Entries Open For First WDBS Event

The first tournament staged by the new World Disability Billiards and Snooker body will take place in Gloucester in November.

Online payment for entry is now available – find out more information

Players must also fill out the entry pack, select the link below.

Entry pack

Open day details

View flyer

The WDBS was launched in September having been created to give more people with disabilities the opportunity to play cue sports.

The first event will take place on the weekend of November 28 and 29 at the South West Snooker Academy in Gloucester. Full details and the entry pack are now available using the links above, with a closing date of November 20.

There will be five different disability classification groups at this tournament, though the WDBS intends to extend this to eight groups at future events.

The medal and trophy presentations will be made by Paralympic shot-putter Jonathan Adams.

On Friday November 27 there will also be a free open day for disability snooker, with coaching sessions by Tim Squires.

WDBS logoThe South West Snooker Academy provides world class practice and playing facilities, featuring five Star tables fitted to World Snooker specifications, three more Star tables and two further tables.

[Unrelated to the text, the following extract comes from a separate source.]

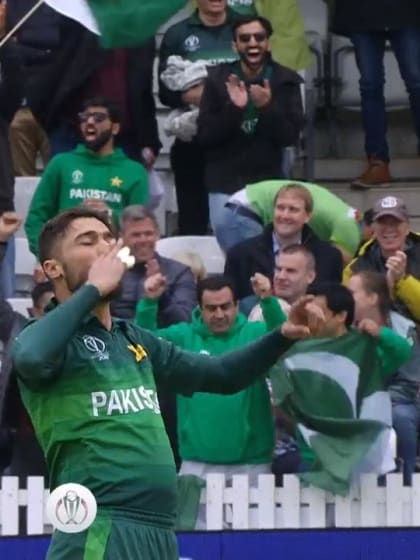 CWC19: AUS v PAK – Amir claims the big fish as Finch falls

WDBS Chairman Nigel Mawer said: “We are delighted to announce the first WDBS tournament and we are sure it will be a great success. We encourage anyone eligible to take part regardless of their snooker standard. It’s a fantastic opportunity to meet others, get free coaching, and play in a competitive environment at an excellent venue which has been used for professional tournaments. Hopefully this will be the first of many successful WDBS events.”